- _Task statement_
Give the records again exactly as written. Leave out the pictures.

- _Data for review_

——

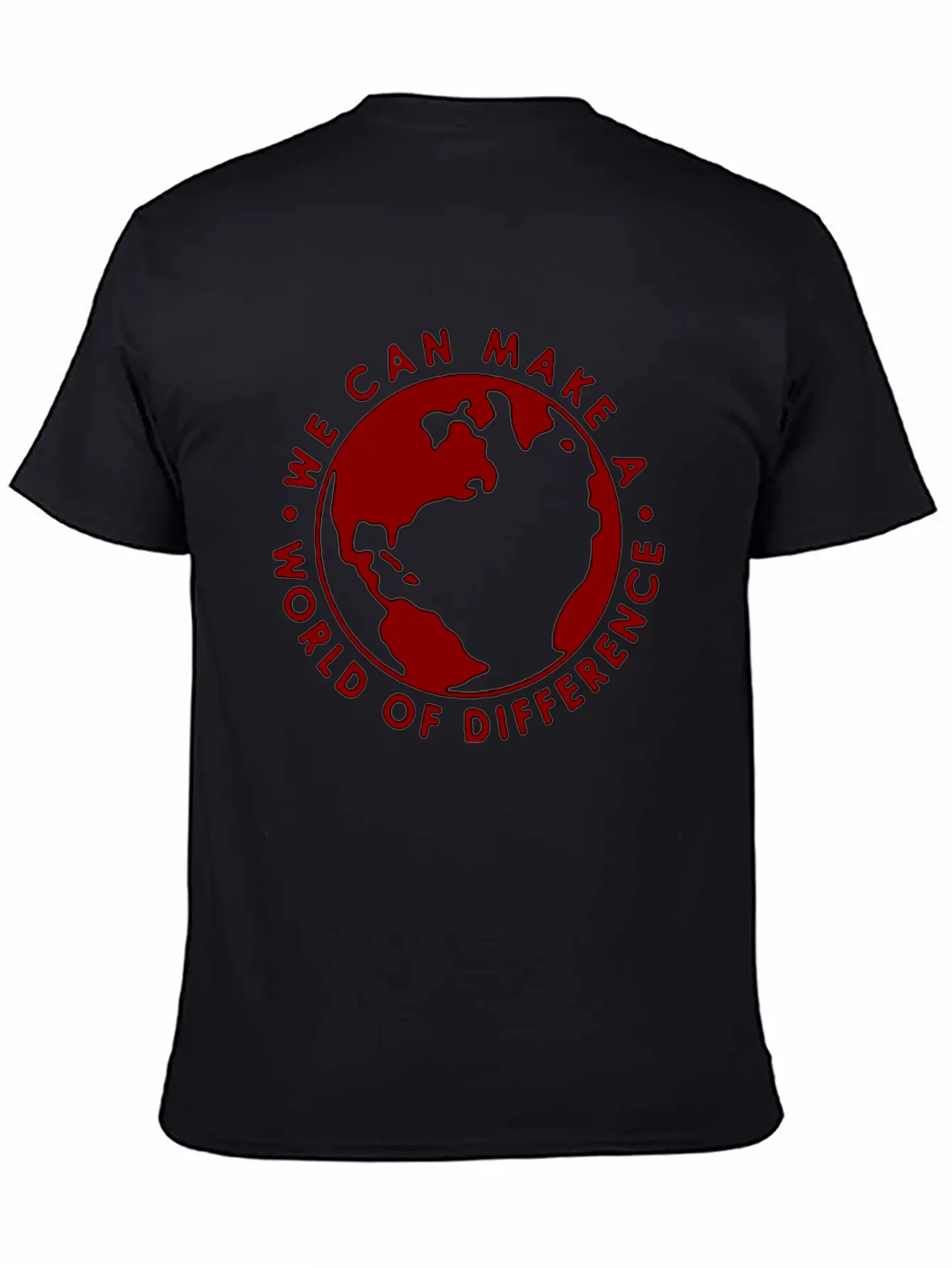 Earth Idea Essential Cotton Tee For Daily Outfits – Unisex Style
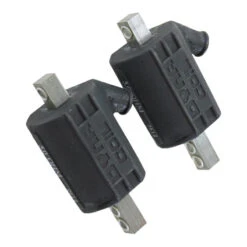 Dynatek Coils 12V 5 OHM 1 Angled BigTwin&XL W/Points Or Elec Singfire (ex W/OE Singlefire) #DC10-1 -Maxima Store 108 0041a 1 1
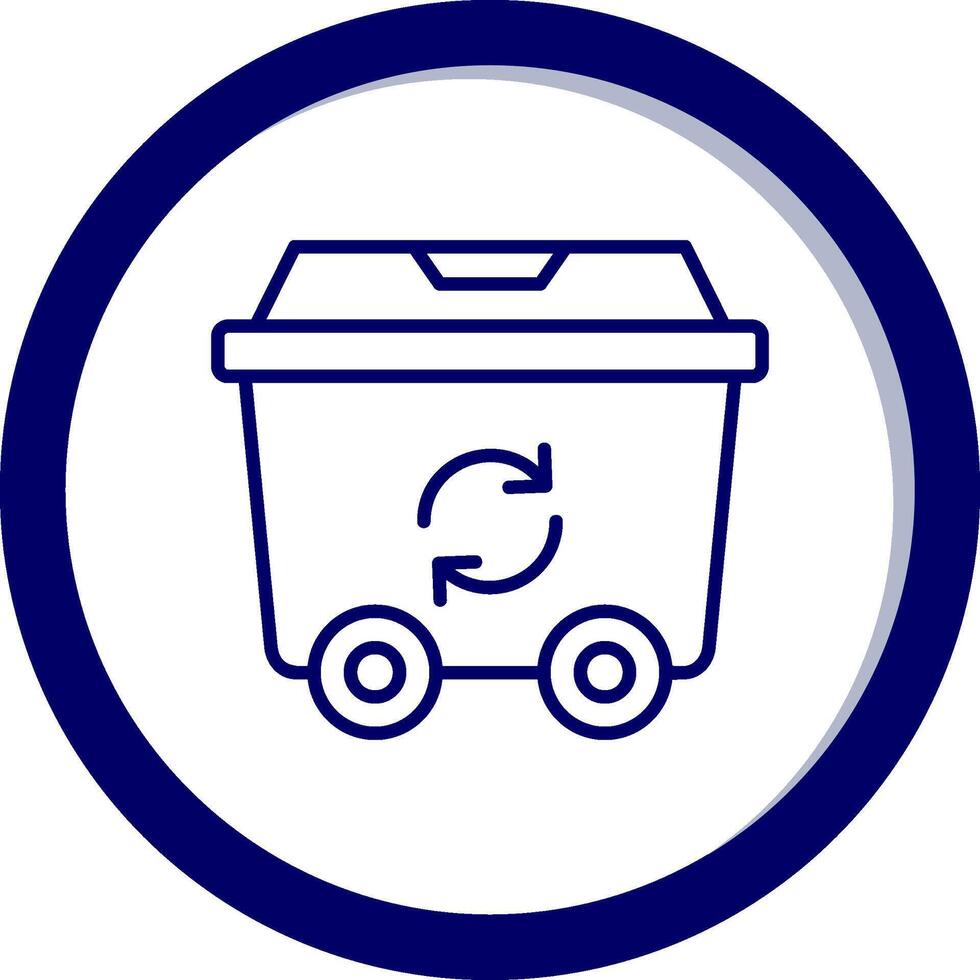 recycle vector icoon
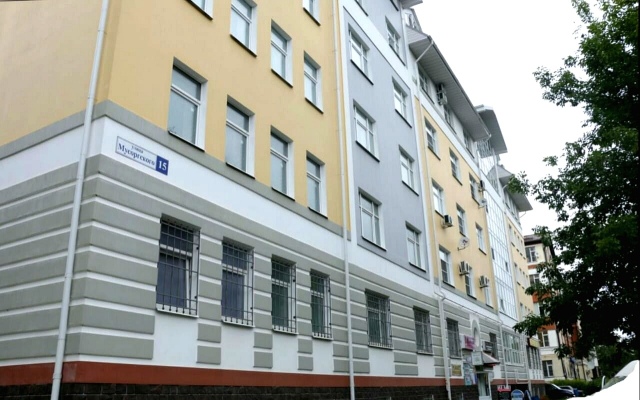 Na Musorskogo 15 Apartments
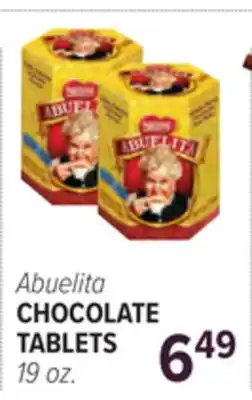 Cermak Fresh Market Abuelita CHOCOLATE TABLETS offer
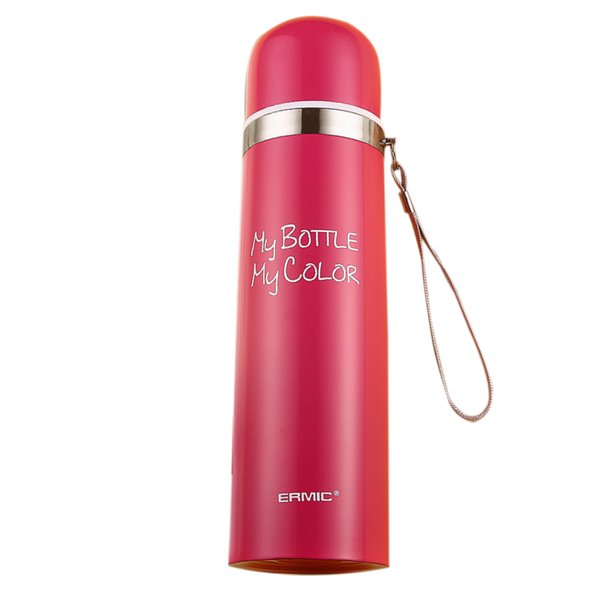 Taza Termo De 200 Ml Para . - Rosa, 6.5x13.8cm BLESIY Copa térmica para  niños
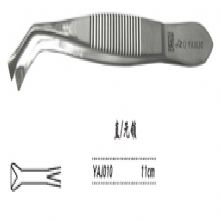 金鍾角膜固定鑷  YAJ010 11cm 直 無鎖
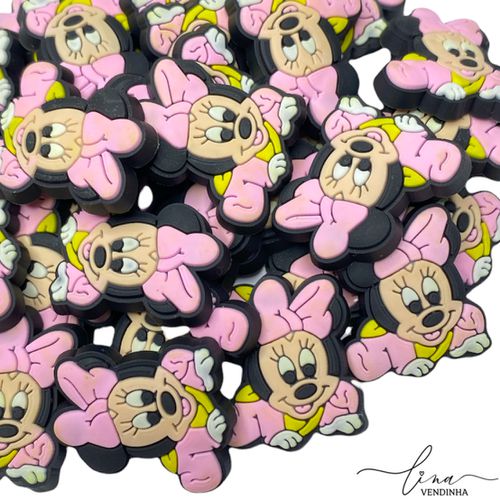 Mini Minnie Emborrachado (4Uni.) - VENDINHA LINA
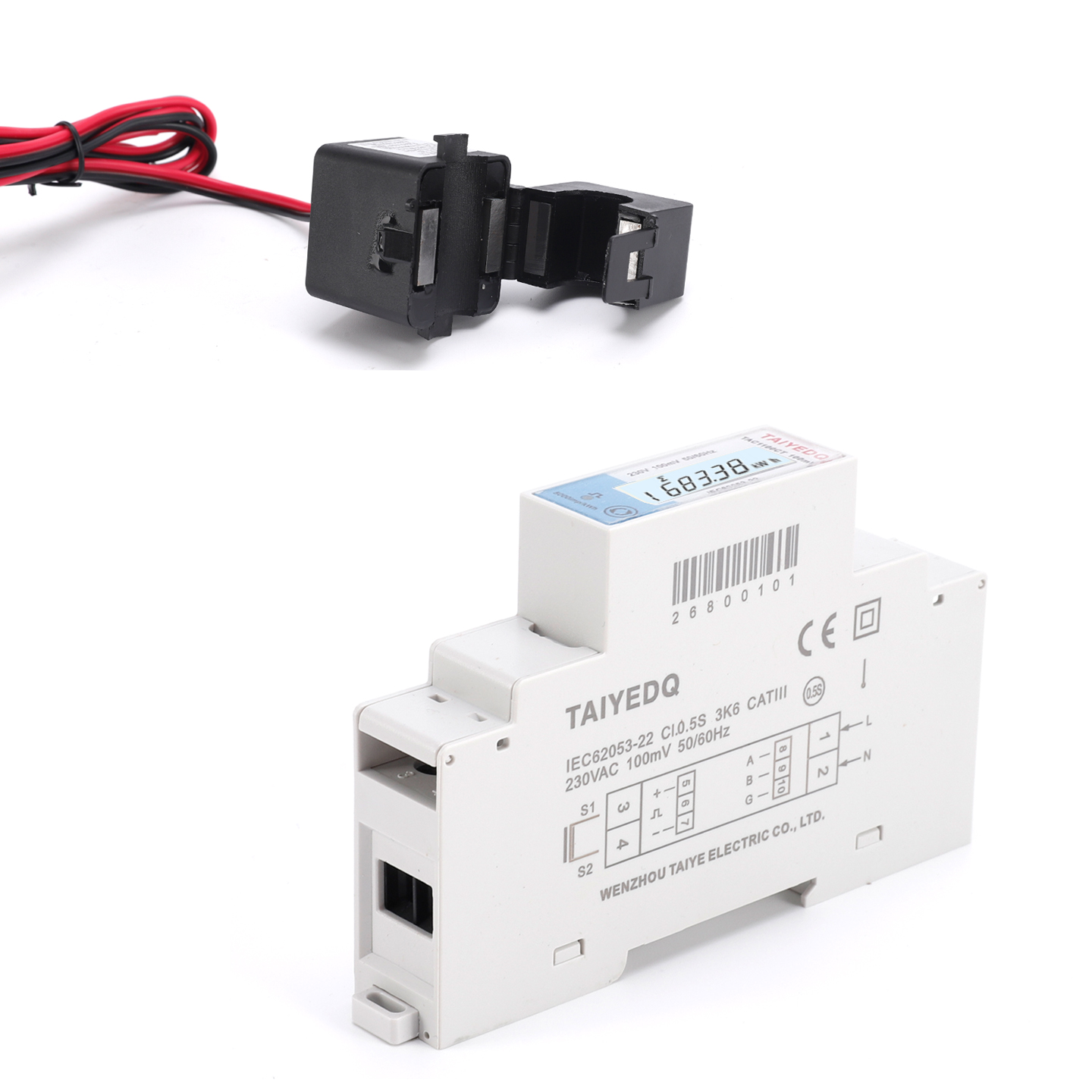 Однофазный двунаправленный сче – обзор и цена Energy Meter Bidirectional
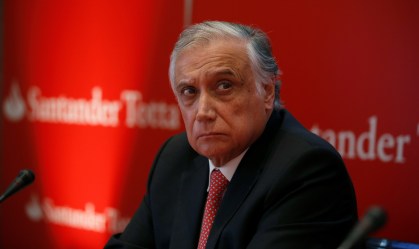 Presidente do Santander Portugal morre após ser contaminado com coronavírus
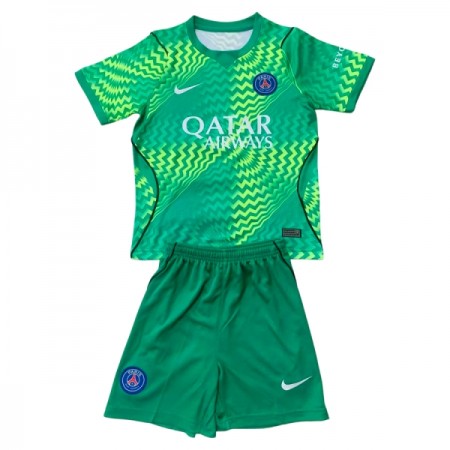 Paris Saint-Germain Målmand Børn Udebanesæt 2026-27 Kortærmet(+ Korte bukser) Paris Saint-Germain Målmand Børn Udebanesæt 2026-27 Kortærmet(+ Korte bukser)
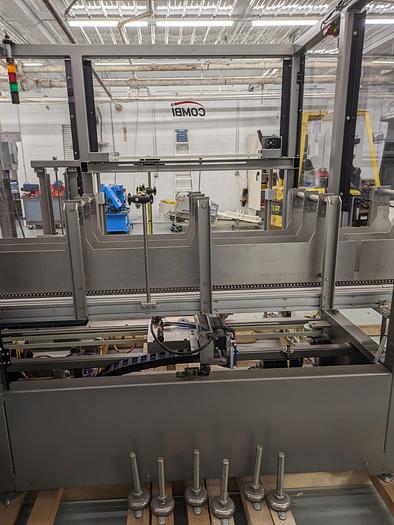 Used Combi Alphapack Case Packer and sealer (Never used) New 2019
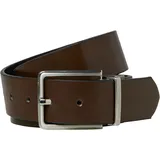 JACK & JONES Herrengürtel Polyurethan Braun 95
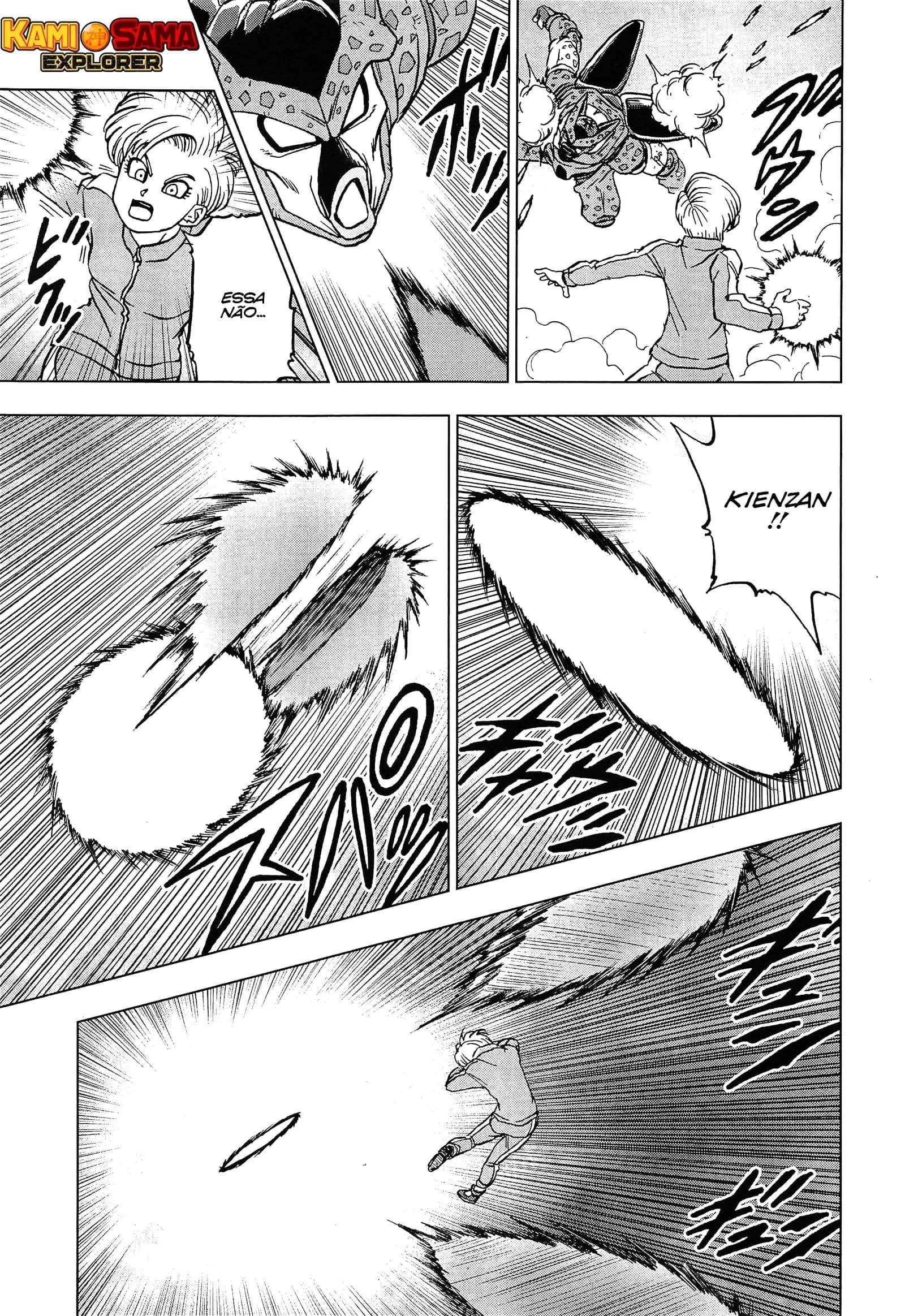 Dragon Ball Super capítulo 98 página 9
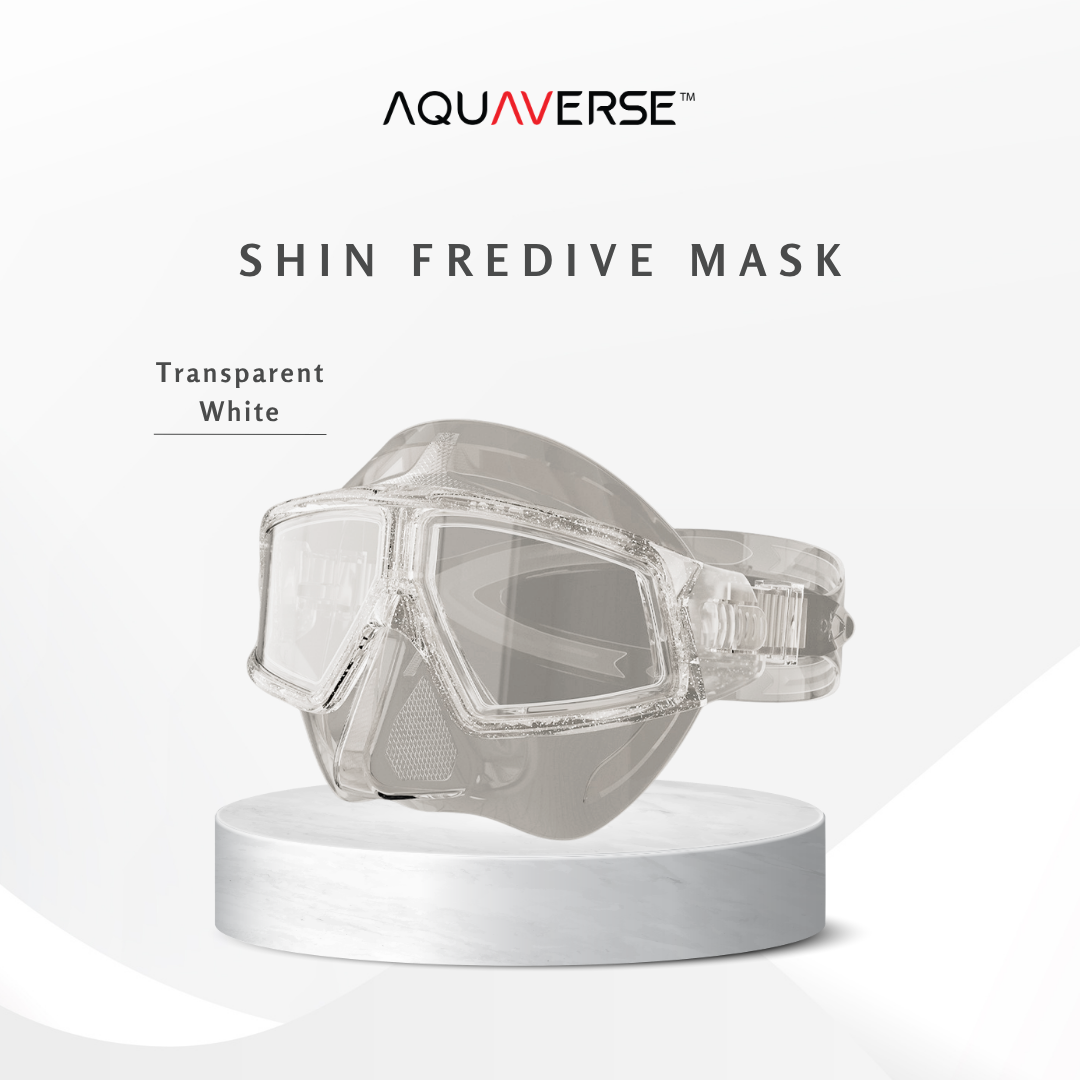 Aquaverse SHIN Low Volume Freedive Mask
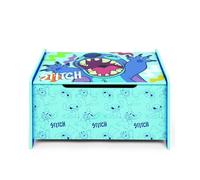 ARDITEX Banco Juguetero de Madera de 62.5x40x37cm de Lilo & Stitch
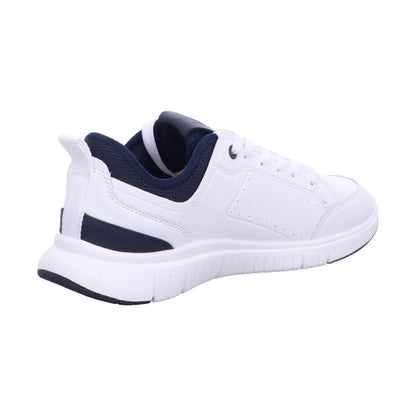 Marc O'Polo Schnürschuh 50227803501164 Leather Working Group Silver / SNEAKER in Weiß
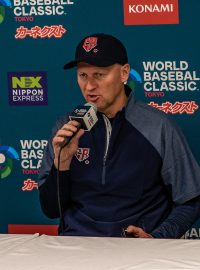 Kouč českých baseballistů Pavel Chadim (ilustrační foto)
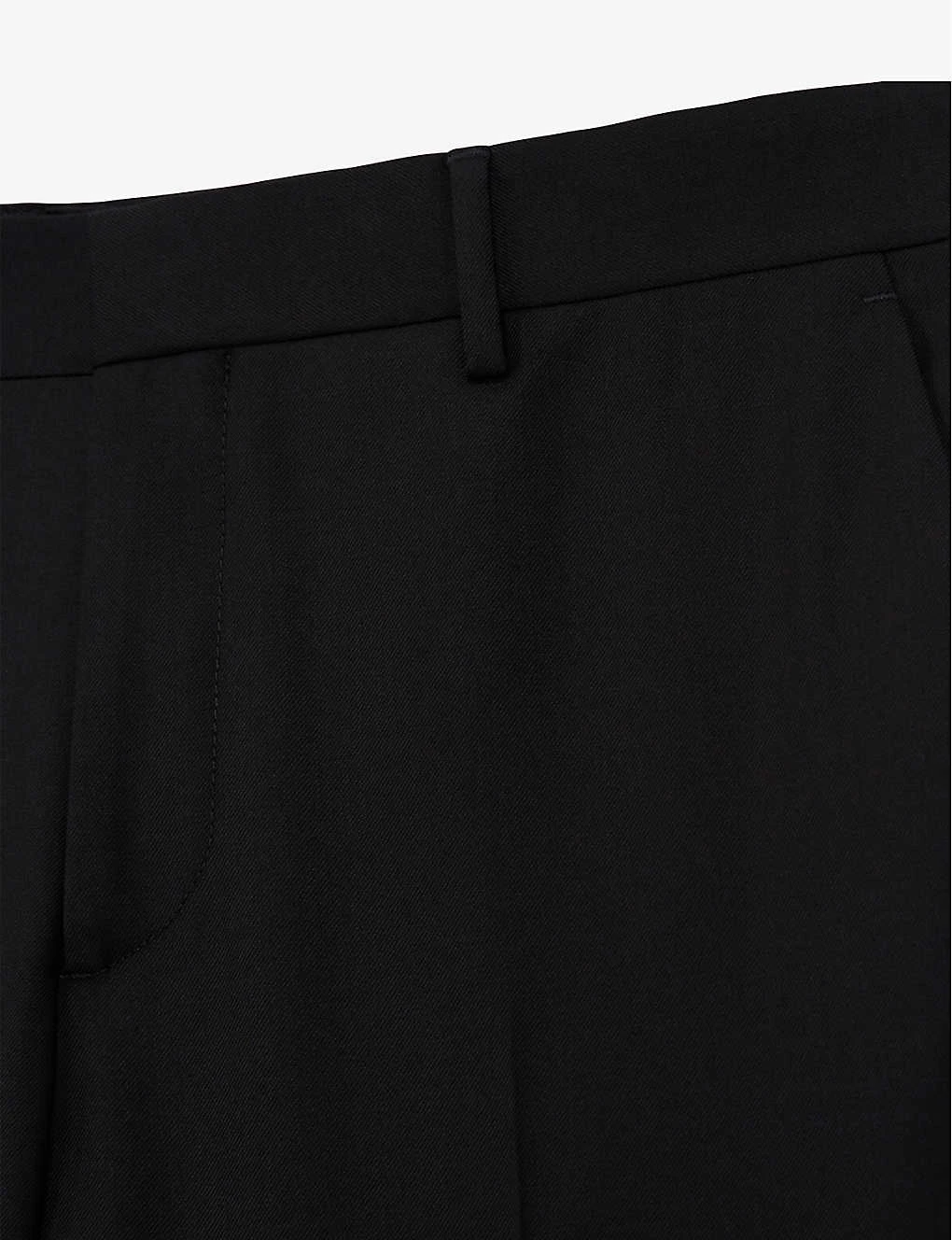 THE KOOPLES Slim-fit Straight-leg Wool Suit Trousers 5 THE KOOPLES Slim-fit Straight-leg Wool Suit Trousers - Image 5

——

- _Answer for the task_
 Earth Idea Essential Cotton Tee For Daily Outfits – Unisex Style
 Dynatek Coils 12V 5 OHM 1 Angled BigTwin&XL W/Points Or Elec Singfire (ex W/OE Singlefire) #DC10-1 -Maxima Store 108 0041a 1 1
 recycle vector icoon
 Na Musorskogo 15 Apartments
 Cermak Fresh Market Abuelita CHOCOLATE TABLETS offer
 Taza Termo De 200 Ml Para . - Rosa, 6.5x13.8cm BLESIY Copa térmica para  niños
 金鍾角膜固定鑷  YAJ010 11cm 直 無鎖
 Mini Minnie Emborrachado (4Uni.) - VENDINHA LINA
 Однофазный двунаправленный сче – обзор и цена Energy Meter Bidirectional
 Presidente do Santander Portugal morre após ser contaminado com coronavírus
 Paris Saint-Germain Målmand Børn Udebanesæt 2026-27 Kortærmet(+ Korte bukser) Paris Saint-Germain Målmand Børn Udebanesæt 2026-27 Kortærmet(+ Korte bukser)
 Used Combi Alphapack Case Packer and sealer (Never used) New 2019
 JACK & JONES Herrengürtel Polyurethan Braun 95
 Dragon Ball Super capítulo 98 página 9
 Aquaverse SHIN Low Volume Freedive Mask
 ARDITEX Banco Juguetero de Madera de 62.5x40x37cm de Lilo & Stitch
 Marc O'Polo Schnürschuh 50227803501164 Leather Working Group Silver / SNEAKER in Weiß
 Kouč českých baseballistů Pavel Chadim (ilustrační foto)
 THE KOOPLES Slim-fit Straight-leg Wool Suit Trousers 5 THE KOOPLES Slim-fit Straight-leg Wool Suit Trousers - Image 5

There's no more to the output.